Design/methodology/approach
The study's sample consists of 66 Islamic banks from 14 countries over 2015–2019. The research uses the Heckman model, which is a two-stage estimation method to obtain unbiased estimates, as ESG scores are only observable for 17 Islamic banks in Eikon Refinitiv database at the time of the analysis.
Findings
The analysis shows that Shari'ah governance has a beneficial role to achieve ESG performance. The analysis also shows that enhanced profiles of Shari'ah supervisory boards' (SSB) attributes are more efficient than the operational procedures to promote ESG performance. In addition, the analysis shows that enhanced SSBs' attributes strengthen the bank's corporate governance framework, while sound-designed procedures increase the bank's social activities by emphasizing their roles to ensure Shari'ah compliance. Finally, the analysis sheds light on the failure of Shari'ah governance to promote environmental performance.

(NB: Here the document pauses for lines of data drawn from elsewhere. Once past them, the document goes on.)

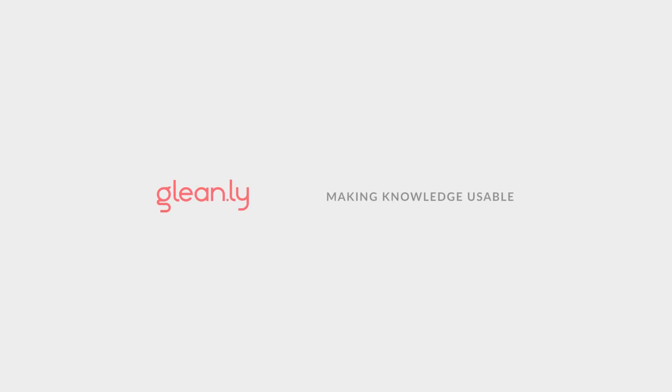I hope this has been useful. Please get in touch if you need any further help or would like to book an onboarding session. We're here to help you create a repository that scales and make knowledge usable.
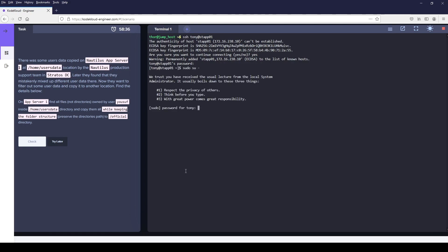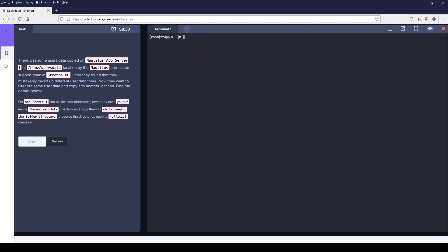The server which I'm working on is stapp01. Please keep in mind that these things are dynamic. I'm going to switch to the source location which in my case is /home/users data.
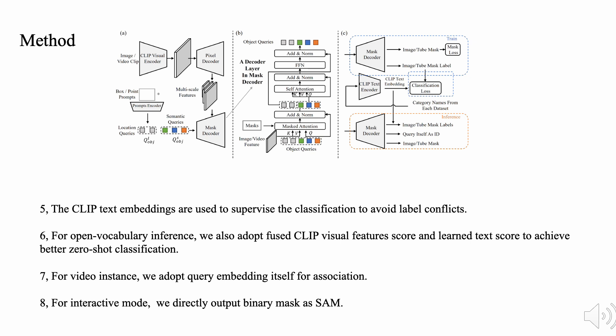During inference, we adopt the same pipeline as Mask2Former. For open vocabulary inference, we also adopt fused CLIP visual feature score and learned text score to achieve better zero-shot classification. For video instance, we adopt query embedding itself for association. For interactive mode, we directly output binary mask as SAM.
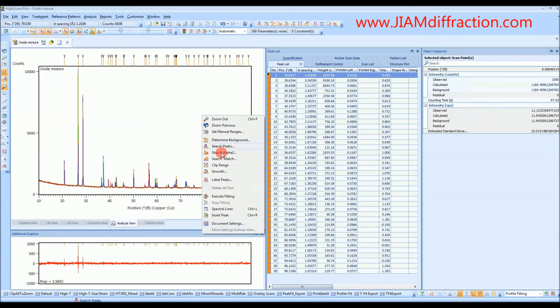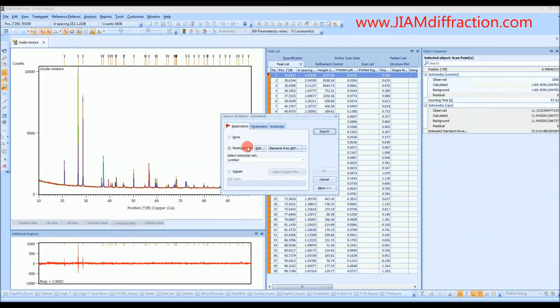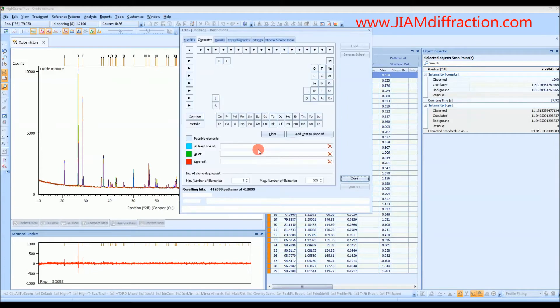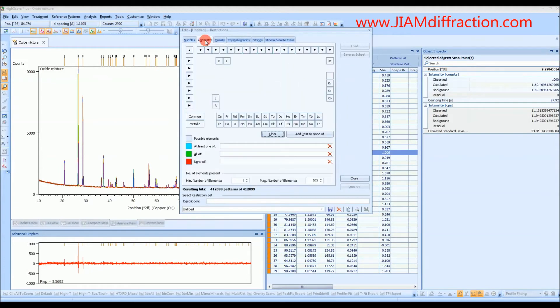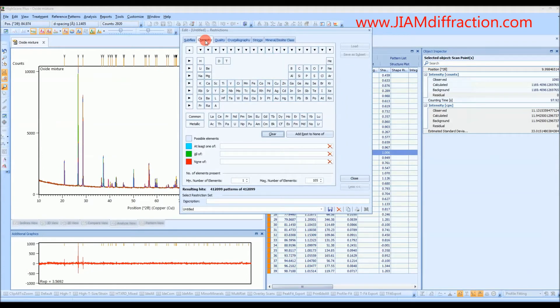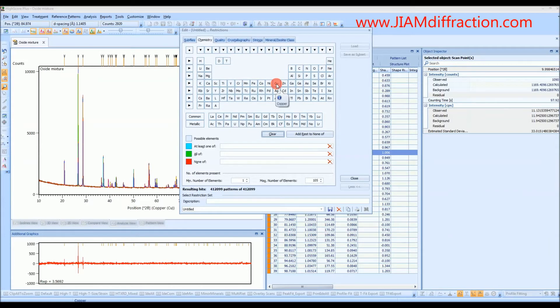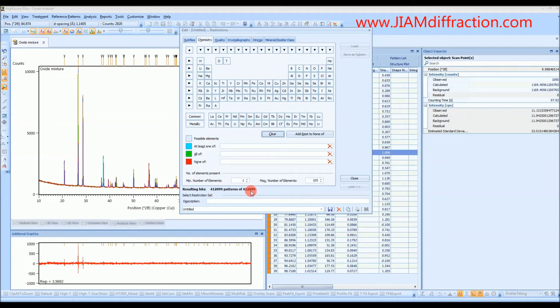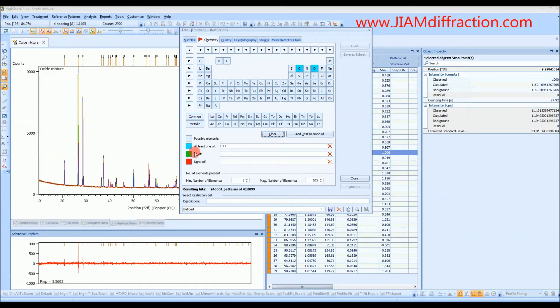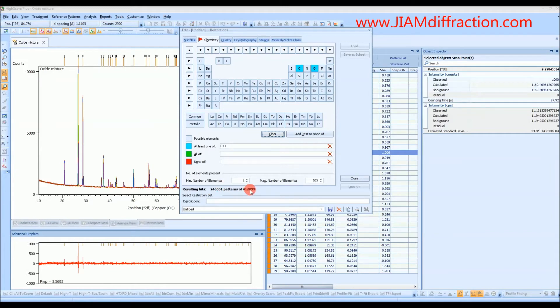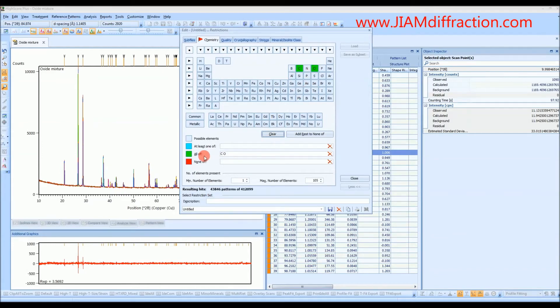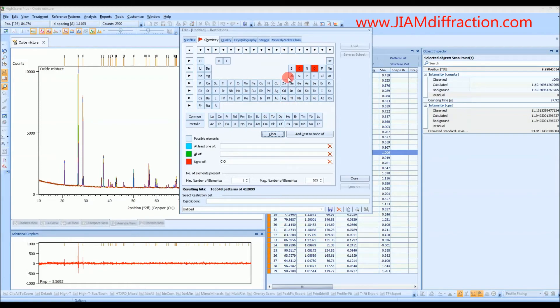So if we right-click we can go to search match and then we want to edit a restriction set. Most of the time I just use this chemistry tab. And here we can tell it what elements we believe we have in our material and to ignore all other elements. For instance when everything is gray like this it means that everything is possible. So we are searching through every possible pattern. If we start clicking some, one click brings us to this bluish color. So that means only patterns that have at least carbon and or oxygen have to be searched. So that reduces it by quite a bit. If we make them green then we will only search through patterns that have both carbon and oxygen. If we made them red then we would search through all patterns except for those containing carbon and oxygen.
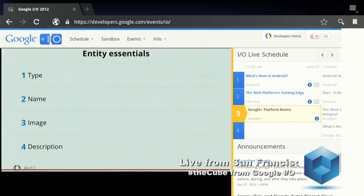They don't have to guess anymore. When we talk about an entity, which can be a person, a place, a review — and this is an extensible ontology, so you can add many, many more entity types.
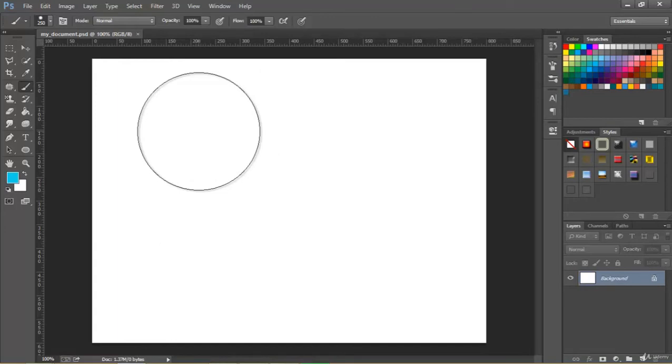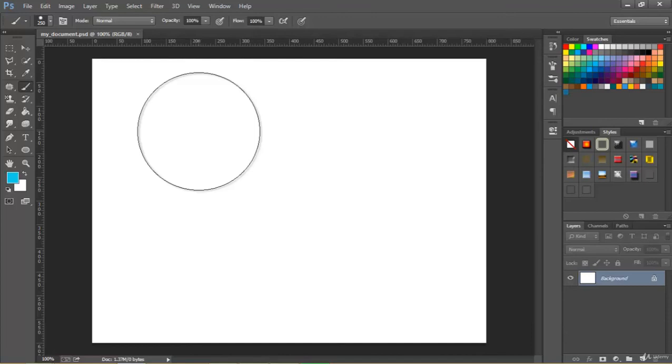So now we all know how we can create new document inside Photoshop, how we can save files in Photoshop. As we have seen that we can save in various formats. And also we have seen how we can open an existing file or image in Photoshop. So here I conclude this section.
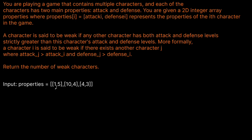Let's look at this example where we have three characters with attributes (1,5), (10,4), and (4,3). To be a weak character, someone has to have a higher attack and a higher defense. Looking at (1,5): both other characters have a higher attack than 1, but their defense also needs to be higher than 5. Unfortunately their defense is actually lower than 5, so this is not a weak character.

Research limitations/implications
The existing databases providing companies' ESG-related information still do not offer sufficient data to conduct an international study with a larger sample of Islamic banks (IBs) having ESG scores for a more extended period.
Practical implications
The research provides policy insights to Islamic banks' stakeholders to promote social and governance performance in the Islamic finance industry through improving Shari'ah governance practices. However, raising environmental awareness is imminent among all actors implicated in the Shari'ah governance processes to help overcome the anthropogenic risks.
Originality/value
The research complements the governance-banks' ESG performance literature by examining the role of Shari'ah governance. The research also extends the literature on Islamic banks' sustainability by pointing to the Shari'ah governance failure to enhance environmental performance and thus achieve Maqasid al-Shariah regarding the environment.